Paper#9

 

"Capriccio: scalable threads for internet services", by R. Behren, J. Condit, F. Zhou, G. Necula, E. Brewer, Proceedings of the nineteenth ACM symposium on Operating systems principles, 2003, 268--281.[Full Paper]

 

 

Questions

 

1. True concurrency will break cooperative threading, which relies on thread atomicity to avoid locking resource access. Would it be possible to extend call graph analysis to include data analysis and schedule non-competing threads across multiple CPUs?

 

2. Capriccio is obviously aimed at high performance, highly concurrent systems. It also seems to require significant program analysis both of the specific application and any additional libraries (in order to manage the linked stack).
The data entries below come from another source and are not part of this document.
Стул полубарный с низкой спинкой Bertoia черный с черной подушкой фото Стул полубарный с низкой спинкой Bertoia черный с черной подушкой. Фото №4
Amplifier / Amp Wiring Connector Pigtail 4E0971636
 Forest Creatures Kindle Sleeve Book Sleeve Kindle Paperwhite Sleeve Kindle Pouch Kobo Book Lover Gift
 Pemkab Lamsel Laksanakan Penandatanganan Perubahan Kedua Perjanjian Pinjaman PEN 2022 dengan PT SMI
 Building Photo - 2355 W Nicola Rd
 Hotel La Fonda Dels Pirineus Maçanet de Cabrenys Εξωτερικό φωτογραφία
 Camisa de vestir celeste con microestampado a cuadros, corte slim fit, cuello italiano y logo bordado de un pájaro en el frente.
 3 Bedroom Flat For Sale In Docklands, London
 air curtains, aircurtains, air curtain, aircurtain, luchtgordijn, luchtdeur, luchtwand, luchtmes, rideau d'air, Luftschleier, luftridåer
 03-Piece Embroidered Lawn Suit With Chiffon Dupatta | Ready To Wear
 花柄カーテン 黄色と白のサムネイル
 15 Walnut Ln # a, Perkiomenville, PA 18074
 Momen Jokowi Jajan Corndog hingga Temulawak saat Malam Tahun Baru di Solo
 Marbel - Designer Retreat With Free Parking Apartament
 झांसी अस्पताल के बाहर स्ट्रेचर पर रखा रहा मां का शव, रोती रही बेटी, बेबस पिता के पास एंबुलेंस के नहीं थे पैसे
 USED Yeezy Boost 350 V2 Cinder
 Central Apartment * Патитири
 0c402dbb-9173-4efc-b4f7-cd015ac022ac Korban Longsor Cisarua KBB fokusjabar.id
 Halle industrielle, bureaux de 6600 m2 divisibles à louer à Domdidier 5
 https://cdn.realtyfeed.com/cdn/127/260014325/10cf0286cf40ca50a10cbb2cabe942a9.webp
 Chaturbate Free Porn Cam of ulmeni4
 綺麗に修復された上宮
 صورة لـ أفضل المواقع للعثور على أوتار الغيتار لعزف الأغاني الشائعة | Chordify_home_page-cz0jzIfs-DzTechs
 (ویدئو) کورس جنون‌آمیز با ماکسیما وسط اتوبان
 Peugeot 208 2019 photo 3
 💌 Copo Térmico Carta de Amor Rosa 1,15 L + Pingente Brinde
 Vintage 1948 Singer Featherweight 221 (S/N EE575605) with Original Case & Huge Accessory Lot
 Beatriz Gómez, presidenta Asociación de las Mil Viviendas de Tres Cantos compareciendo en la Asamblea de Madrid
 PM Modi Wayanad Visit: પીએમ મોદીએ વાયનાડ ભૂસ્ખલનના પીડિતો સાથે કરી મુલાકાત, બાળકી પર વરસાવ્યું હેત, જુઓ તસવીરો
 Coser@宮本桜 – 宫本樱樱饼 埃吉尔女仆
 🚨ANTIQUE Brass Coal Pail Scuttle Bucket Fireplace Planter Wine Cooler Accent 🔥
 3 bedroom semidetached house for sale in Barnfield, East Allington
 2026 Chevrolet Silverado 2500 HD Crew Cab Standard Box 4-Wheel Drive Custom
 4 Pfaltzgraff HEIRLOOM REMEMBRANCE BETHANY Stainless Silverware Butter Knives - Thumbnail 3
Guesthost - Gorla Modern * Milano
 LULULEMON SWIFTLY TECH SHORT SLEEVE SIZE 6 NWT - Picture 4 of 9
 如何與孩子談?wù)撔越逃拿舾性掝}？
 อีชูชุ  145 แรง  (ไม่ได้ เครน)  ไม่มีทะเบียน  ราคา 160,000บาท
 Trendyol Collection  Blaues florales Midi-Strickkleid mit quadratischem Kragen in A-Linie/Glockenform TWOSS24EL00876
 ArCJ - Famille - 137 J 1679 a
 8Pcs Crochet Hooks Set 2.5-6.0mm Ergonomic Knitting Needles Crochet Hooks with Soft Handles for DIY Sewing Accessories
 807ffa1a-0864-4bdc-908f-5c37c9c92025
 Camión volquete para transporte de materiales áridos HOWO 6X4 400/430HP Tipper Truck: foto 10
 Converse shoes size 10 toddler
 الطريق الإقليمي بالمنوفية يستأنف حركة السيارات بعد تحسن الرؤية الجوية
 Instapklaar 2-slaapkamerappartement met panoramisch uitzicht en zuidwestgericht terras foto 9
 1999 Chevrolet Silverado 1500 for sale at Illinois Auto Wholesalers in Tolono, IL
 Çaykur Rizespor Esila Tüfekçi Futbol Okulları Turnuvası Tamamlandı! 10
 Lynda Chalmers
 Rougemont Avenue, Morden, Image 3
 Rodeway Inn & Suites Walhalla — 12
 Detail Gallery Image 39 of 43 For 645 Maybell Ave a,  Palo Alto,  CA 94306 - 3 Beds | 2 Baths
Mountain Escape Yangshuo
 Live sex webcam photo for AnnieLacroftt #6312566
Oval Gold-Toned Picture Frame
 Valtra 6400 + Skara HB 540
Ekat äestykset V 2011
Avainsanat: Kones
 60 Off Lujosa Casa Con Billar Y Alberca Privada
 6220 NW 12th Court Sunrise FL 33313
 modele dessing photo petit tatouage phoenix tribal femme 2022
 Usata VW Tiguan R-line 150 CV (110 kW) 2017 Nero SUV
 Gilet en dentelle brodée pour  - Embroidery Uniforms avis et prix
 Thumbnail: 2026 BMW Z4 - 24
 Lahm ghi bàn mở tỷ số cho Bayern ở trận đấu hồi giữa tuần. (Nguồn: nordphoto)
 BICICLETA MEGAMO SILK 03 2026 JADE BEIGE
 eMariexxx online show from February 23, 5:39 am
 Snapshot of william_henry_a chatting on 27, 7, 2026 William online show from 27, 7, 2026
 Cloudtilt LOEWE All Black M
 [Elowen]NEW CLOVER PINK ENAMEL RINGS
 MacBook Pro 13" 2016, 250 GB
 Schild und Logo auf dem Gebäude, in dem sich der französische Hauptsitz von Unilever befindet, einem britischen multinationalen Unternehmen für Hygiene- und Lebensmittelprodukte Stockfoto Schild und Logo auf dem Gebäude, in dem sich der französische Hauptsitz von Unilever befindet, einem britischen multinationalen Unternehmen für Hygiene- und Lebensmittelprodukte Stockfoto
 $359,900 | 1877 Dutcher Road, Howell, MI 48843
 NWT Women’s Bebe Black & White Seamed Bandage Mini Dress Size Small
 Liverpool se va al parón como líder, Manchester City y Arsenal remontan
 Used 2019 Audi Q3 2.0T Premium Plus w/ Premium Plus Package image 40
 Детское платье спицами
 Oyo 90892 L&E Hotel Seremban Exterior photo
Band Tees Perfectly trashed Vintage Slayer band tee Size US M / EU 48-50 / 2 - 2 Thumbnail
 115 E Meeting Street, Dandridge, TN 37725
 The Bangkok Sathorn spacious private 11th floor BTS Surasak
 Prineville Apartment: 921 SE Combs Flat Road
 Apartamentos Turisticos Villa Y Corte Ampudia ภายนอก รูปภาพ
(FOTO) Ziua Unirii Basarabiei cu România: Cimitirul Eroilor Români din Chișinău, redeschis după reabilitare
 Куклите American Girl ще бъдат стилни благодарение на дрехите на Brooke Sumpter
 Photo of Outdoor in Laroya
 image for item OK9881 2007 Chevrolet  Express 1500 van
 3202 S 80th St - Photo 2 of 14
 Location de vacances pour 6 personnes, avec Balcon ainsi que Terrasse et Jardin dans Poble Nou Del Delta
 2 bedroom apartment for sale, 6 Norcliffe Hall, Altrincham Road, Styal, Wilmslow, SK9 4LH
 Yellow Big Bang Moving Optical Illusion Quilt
With the amount of intervention required, can the performance gains be accomplished in another way that is on the same order of complexity?

 

3. How much of an overhead does the checkpoint code add?

 

4. How does one decide on the amount of stack chunk to allocate when calling external functions?

 

5. How does the resource aware scheduling define a generic notion for application productivity?

 

6. On the second page, the authors state that they believe that user-level threading will be possible on multi-cpu system without cooperative scheduling. Have they done any work since to substantiate these claims?

 

7. Does the check pointing scheme not increase the cost of recursion relative to a sequential algorithm? Does this cost disparity exist at a similar magnitude in existing implementations because of paging, or is there a greater performance separation in Capriccio?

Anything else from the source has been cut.